☐ Walczą ze szczepieniami. Nie z omikronem
22 stycznia na Starym Rynku po raz kolejny kluby Konfederacji i stowarzyszenie Niezależni.pl promowały co najmniej ostrożność wobec akcji szczepień przeciwko Covid-19.
Jak stwierdziła Ewelina Gierszewska, lekarka ze stowarzyszenia Niezależni.pl, jej negatywny stosunek do szczepień nie wynika z przekonań i poglądów, ale z faktów i wiedzy. Powołała się na liczne przypadki poszczepiennych powikłań, takich jak zawały, zatory, wstrząsy anafilaktyczne, udary, zapalenia wątroby itp., jednak procentowych danych nie podała, jaka jest skala tych zjawisk. Retorycznie pytała, czy pielęgniarki informują o ryzyku związanym ze szczepieniami i o tym, czy są one bezpieczne. Dodawała też argument pod rozwagę, że skoro rekordowo rośnie liczba zakażeń, to czy szczepienia w ogóle nas chronią? Przecież zaszczepieni też chorują!
Więcej witamin
Jej zdaniem pacjenci umierają, bo nie są leczeni, pozostawia się ich samym sobie, a reakcja następuje dopiero wtedy, gdy drastycznie spada saturacja.
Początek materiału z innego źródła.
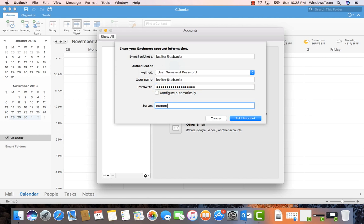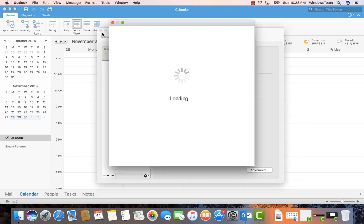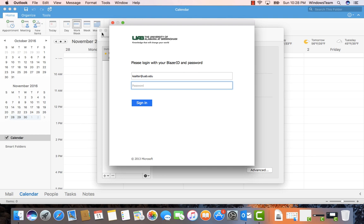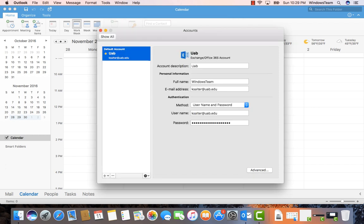Unselect the configure automatically and enter the server name outlook.office365.com. Click the Add Accounts button and then enter your password on the Office 365 log on page that pops up next. At this point your account has been re-added and your mail should repopulate momentarily.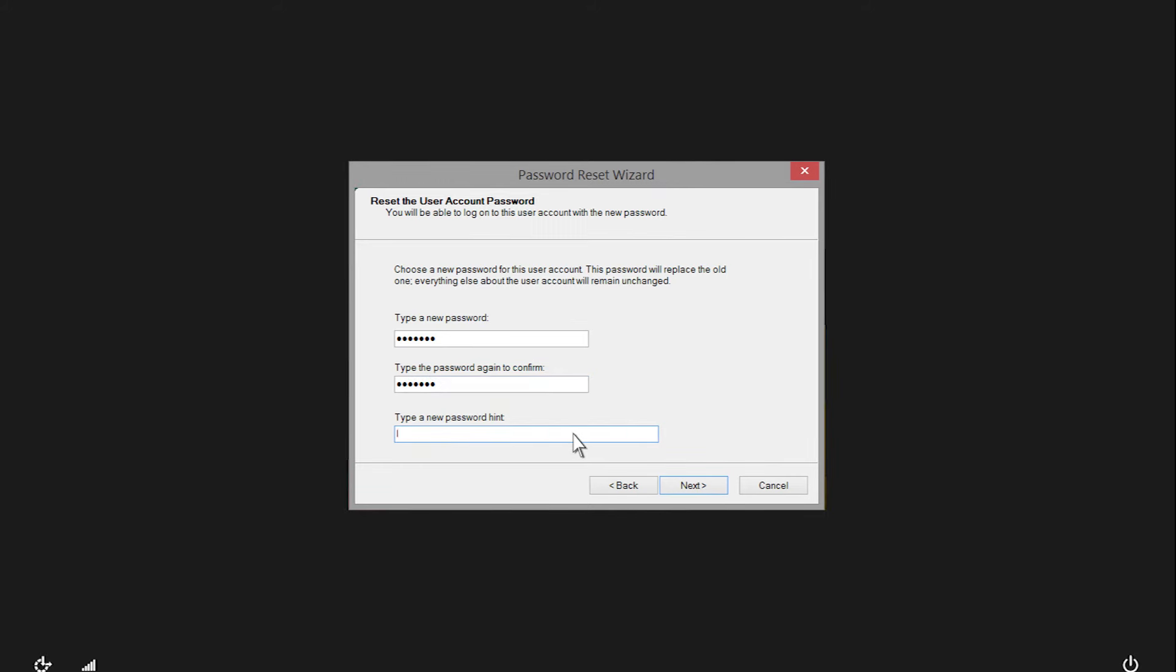Create a password hint to help you remember the password in the future. The password hint is visible for anyone to see when attempting to log on.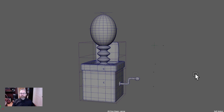Greetings and welcome! In this lesson, we will model our box for our jack-in-the-box. In a subsequent lesson, we will rig the box. We're starting with an overview of the rig for the simple fact that the output of your model is determined by its use. In other words,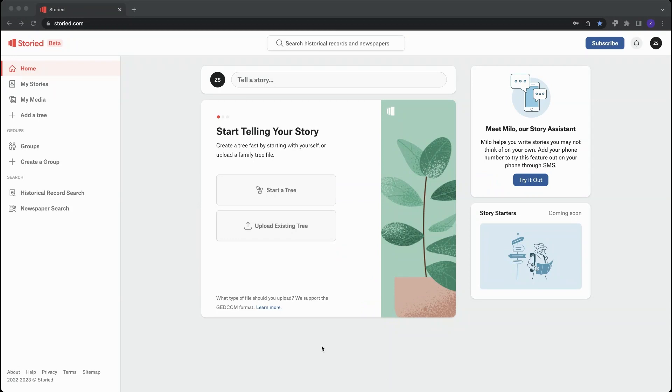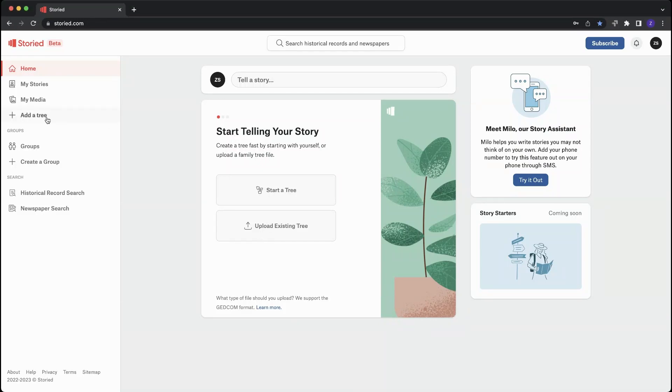Now that you've created an account, you'll get dropped on your home feed. Here's where you can get started. You can either start a tree right here off one of these options, or go over to your right and add a tree.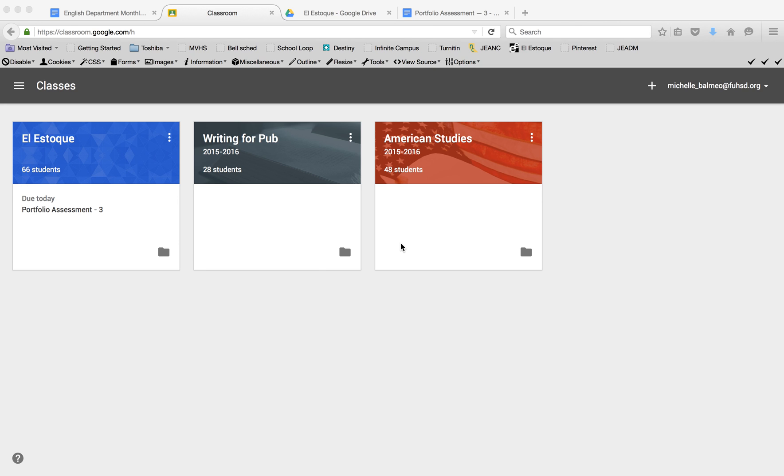Here's a quick tour of Google Classroom and what setting up the portfolio assignment looks like.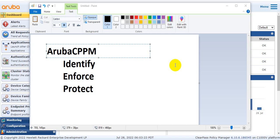Today I start a new topic. The new training session is Aruba CPPM. Aruba CPPM stands for ClearPass Policy Manager, used to identify, enforce and protect.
Czasami jest to za późno. – Jako stowarzyszenie poszukujemy sposobów wspierania leczenia chorych na Covid-19 – mówiła. – To są witaminy, naturalne wyciągi roślinne, które wspierają naszą odporność, ale też dbałość o psychikę.
Bo jeśli ciągle straszy się nas tą chorobą, to może to wykończyć psychicznie. A to obniża odporność.
Zaprotestowała też przeciwko segregacji sanitarnej, która – jej zdaniem – nie ma podstaw, bo chorują i zaszczepieni i nie, więc to jest nieludzkie, żeby dzielić ludzi.
Norymberga i cenzura
Jacek Oberland z Klubów Konfederacji dodawał, że generalnie chodzi o wolny wybór, o skończenie z kłamliwą propagandą i możliwość wyrobienia sobie zdania przy pomocy argumentów z obydwu stron. Poinformował o ruchu Norymberga2.0, który chce dokumentować wszelkie naruszenia prawa związane z pandemią i doprowadzić do rozliczenia bezprawia.
Kazimierz Franckowski ze stowarzyszenia Niezależni.pl podkreślił, że coraz częściej w życiu publicznym jest obecna cenzura. Zrywane są plakaty uświadamiające ryzyko szczepień, ale też te, w których była mowa o wygórowanej pensji burmistrza i podwyżce diet radnych, coraz częściej ingerencje następują też w internecie. – Interesuje nas wolność słowa – dodał. – Wolność decydowania o sobie i to, żeby chronić najsłabszych.
Manifestacja wywołała zainteresowanie kilkunastu osób, były oklaski, także chętni na wizytówki z namiarami na stowarzyszenie.